Am I greedy? The assumption is bisexuality is a non-committal
half-out gay person or someone who is trendy and experimenting
- it's all just a phase. My phase started with my early
memories and I have a feeling they won't change much anytime
soon. Am I just covering my bases? I never thought of my
sexuality as a playing card - as if my social status depends
on whom I deal my final card to, when there is a deck of
52 and none of them mean much without the other. I am attracted
to both sexes - and neither the straight nor the gay community
is really comfortable with that. Neither has sole political
ownership over my sexual orientation - and I like it that
way. I am a woman who is free to choose who I want to have
sex with - I don't have to limit my scope to a gender, a
race, a religion, or nationality. So that means I have a
larger pool to choose from, right? Wrong.
Men don't handle bisexuality in women very well. It creates
a level of competition that is unfamiliar, as if they cannot
fully dominate my desires, like bulls fighting for a cow.

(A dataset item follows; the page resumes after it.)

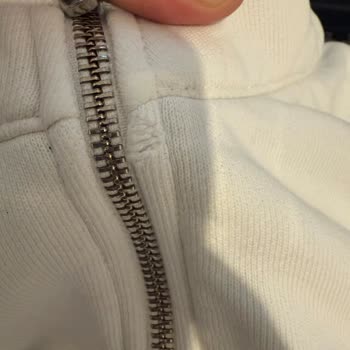 Lacoste Emaar İstanbul'dan Alınan Üründe Kalite Sorunu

I am a wild card - they expect at any moment I will toss
them out like the trash and become a full-blown dyke. On
the other hand, lesbians eye me suspiciously as if I am
one of those bi-curious day-trippers into being gay, who
sullies their image and their progress thus far. They seem
to suspect there is a man behind my desires, pushing me
to fulfill his fantasies. That eventually, I will prove
to be a traitor and switch back to a hetero lifestyle. So
each side watches me and waits for me to screw one of them
over. They are waiting for vindication, to out me one way
or the other, to out myself. To choose a side and wave a
flag.
So what's a girl to do, when she loves people, not genders?
I guess many folks on both sides of the fence find it hard
that a person can truly be attracted to both genders, in
a way that doesn't resemble an episode of the Jerry Springer
show. The frat boys among us will use this as fodder for
their limited imaginations, and the militant among us will
try to run me out of town on a rail. So this isn't easy,
revealing this sort of thing, which makes me a target for
anyone with a sexual grudge, hetero or gay. Hedwig quotes
Aristophanes when (s)he sings about humans being originally
joined as one, (actually, Aristophanes said it was three
sexes, male, female and androgynous - but that's just semantics),
in a beautiful tune "The Origin of Love". How
does the tale go? Zeus decides the humans as whole beings
were too proud and in making war against the gods, needed
to be punished, so he smote them with a mighty thunderbolt
and separated them into the two genders, while losing androgyny
completely. Now man and woman seek each other out in order
to become whole, as do man seeking out man and woman seeking
out woman. The missing link they seek as the third is androgyny,
which by no means is a cosmic ménage a trios.
The story has one lingering threat - if we further anger
the gods, Zeus will split us again. One leg, one eye and
half a heart - how many ways can we try to reassemble ourselves
from that aspect to become whole? What comes of the lack
of love, desire and joy that pride and avarice create? I
think there are plenty out there in the wide world that
better keep their heads low and invest in lightning rods.